Microarray experiments can be compromised at different stages of this complex procedure. Establishing conservative starting material and data quality checkpoints will ensure that the obtained findings represent true biological differences rather than methodological artifacts.

Combined Effects of Drug Abuse and HIV Infection on the Brain: Correlations Between Experimental, Clinical, and Pathological Studies
Avindra Nath, M.D.

Both HIV infection and drugs of abuse have clearly shown independently to have adverse effects on the brain. Furthermore, experimental studies in vitro and using animal models also clearly demonstrate that the combined effects of these drugs of abuse and HIV infection of HIV proteins causes synergistic neurotoxicity, increased viral replication, and immune activation. However, previous clinical and pathological studies have shown conflicting results. The recent advances in technology and the identification of sensitive objective markers of neurological function should allow us to revisit this issue and resolve these questions. Critical to these issues is the proper banking of nervous system tissues from well-characterized cohorts as well as the development of surrogate markers of drug induced central nervous system injury.

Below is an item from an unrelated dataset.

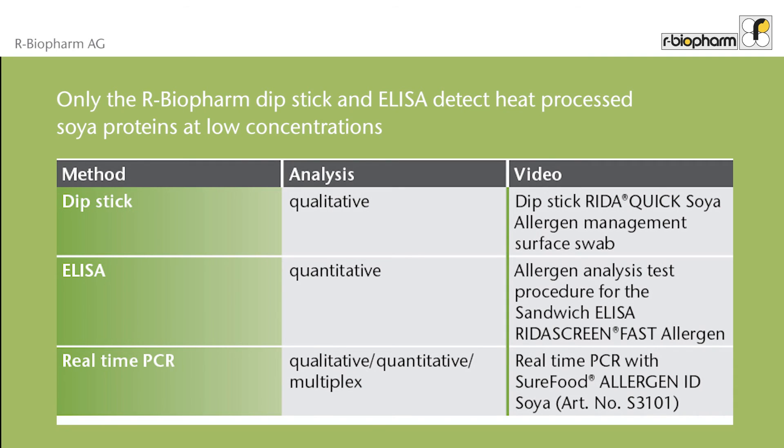Additional extraction buffer for the analysis of food samples can be ordered separately. Traces of soy in food are analyzed with different methods: the dipstick gives a yes or no answer, while the ELISA is quantitative. The real-time PCR is able to analyze quantitative, qualitative, and multiplex.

The Role of Butyrylcholinesterase in the Pathogenesis of HIV-1 Dementia
Walter Royal III, M.D.

Cognitive impairment in individuals with HIV-1 (HIV) infection appears to be multifactorial, involving the direct effects of viral proteins and toxicity associated with secreted products of immune cells. In patients with Alzheimer's disease, it has been observed that the enzyme butyrylcholinesterase (BChE) is localized to plaques on immunocytochemical staining of tissue. The association of this finding with clinical dementia in these patients has formed part of the rationale for treatment of Alzheimer's disease patients with the drug rivastigmine, a BChE inhibitor. In addition, BChE has been demonstrated to be involved with the metabolism of cocaine and, therefore, may be important in preventing neurotoxicity from this drug.

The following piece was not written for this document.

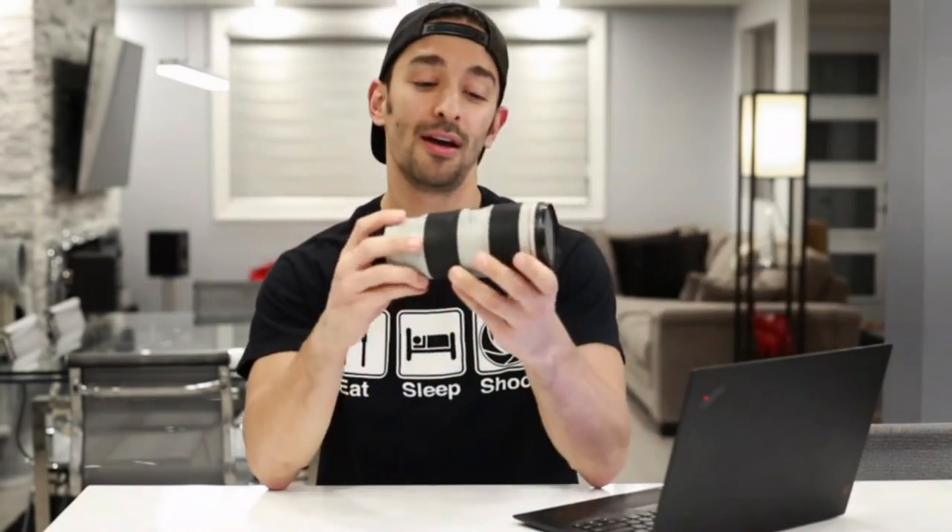Good evening ladies and gentlemen, welcome to the second video on my YouTube channel. Thanks for tuning into the first video. I'm really happy I started the channel. As I told everybody before, we're going to be breaking this channel down into several parts. Notables are going to be gear reviews, on-site photography training, and post-processing tips and tricks. Without further ado, I'd like to start my first gear review — an introduction to the Canon 70-200 f4 L IS Mark II.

To investigate the possible role of BChE in the pathogenesis of HIV dementia, we examined sections of fixed brain from patients with HIV-related cognitive impairment and from control subjects for expression of this enzyme. In this presentation we will discuss data from these studies as well as methods that may be useful in examining the possible role of BChE in the development of cognitive impairment in individuals with HIV infection.

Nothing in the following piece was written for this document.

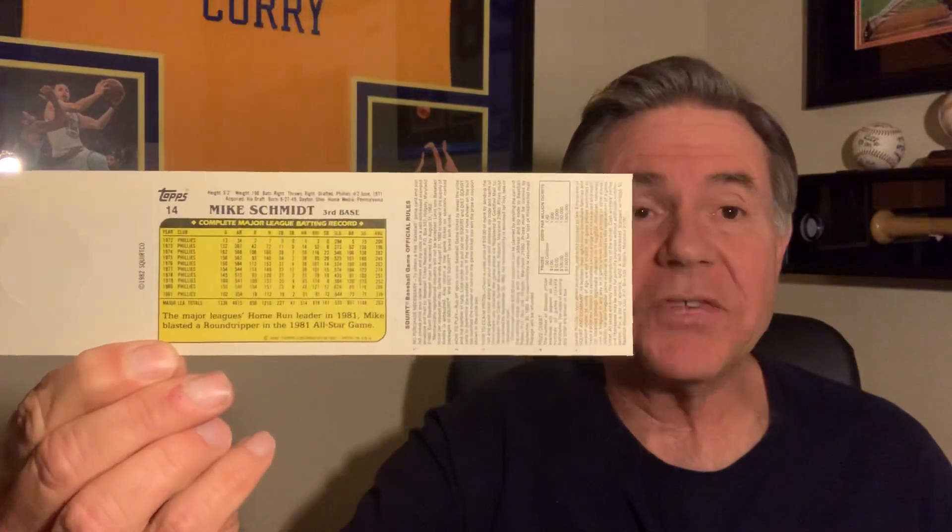A couple other things I want to show you: a Squirt beverage advertisement card. These were from 1982 and Topps made these cards for Squirt. On the back you can see it has the stats, and it's basically the same as the 1982 Topps cards except for the color. It's perforated so you're able to tear them out. I also have the Alan Trammell. These were put on — you can see there's a place here to attach it to a bottle or six-pack of Squirt beverages.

A New Technology for Indepth Gene Expression Profiling
Richard Woychik, Ph.D.

Massively parallel signature sequencing (MPSS) is one of the newest tools available to conduct indepth expression profiling. MPSS is an open-ended platform that analyzes the level of expression of virtually all genes in a sample by counting the number of individual mRNA molecules produced from each gene. There is no requirement that genes be identified and characterized prior to conducting an experiment. MPSS has a routine sensitivity at the level of a few molecules of mRNA per cell, and the data sets are in a digital format that simplifies the management and analysis of the data. Therefore, of the various microarray and nonmicroarray technologies currently available, MPSS provides many advantages for generating the type of complete data sets that will help facilitate experiments in systems biology directed at studying the function of specific regions of the brain.